# Source records
+---+

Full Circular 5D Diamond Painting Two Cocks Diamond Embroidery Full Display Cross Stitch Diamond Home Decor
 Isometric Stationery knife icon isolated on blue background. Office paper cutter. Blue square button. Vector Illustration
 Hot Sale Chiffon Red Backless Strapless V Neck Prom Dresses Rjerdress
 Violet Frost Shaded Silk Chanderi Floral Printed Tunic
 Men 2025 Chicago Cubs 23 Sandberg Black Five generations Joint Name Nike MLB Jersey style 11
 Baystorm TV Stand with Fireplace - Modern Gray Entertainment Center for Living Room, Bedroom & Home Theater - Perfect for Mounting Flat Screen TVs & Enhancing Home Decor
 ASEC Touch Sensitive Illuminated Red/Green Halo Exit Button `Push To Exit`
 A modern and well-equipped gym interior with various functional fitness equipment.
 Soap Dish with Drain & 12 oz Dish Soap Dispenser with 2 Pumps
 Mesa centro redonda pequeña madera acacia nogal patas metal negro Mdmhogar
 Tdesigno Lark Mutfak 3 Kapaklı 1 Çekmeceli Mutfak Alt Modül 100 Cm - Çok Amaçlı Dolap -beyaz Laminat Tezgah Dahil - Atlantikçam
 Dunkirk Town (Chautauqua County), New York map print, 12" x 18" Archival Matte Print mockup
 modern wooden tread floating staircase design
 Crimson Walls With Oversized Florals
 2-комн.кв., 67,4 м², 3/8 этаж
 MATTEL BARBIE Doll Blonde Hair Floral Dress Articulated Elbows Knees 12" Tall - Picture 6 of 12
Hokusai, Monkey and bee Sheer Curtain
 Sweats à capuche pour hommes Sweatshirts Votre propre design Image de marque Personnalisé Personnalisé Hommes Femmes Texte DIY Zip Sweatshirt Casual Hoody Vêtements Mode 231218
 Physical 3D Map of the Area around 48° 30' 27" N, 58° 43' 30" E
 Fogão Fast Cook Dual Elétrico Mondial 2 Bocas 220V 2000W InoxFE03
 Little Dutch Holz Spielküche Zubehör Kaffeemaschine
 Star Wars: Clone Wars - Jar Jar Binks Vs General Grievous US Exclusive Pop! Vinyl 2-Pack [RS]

+---+

# What the task requires
The string "Decor" marks the lines to return from the material. Copy each one.

# Solution to the exercise
Full Circular 5D Diamond Painting Two Cocks Diamond Embroidery Full Display Cross Stitch Diamond Home Decor
 Baystorm TV Stand with Fireplace - Modern Gray Entertainment Center for Living Room, Bedroom & Home Theater - Perfect for Mounting Flat Screen TVs & Enhancing Home Decor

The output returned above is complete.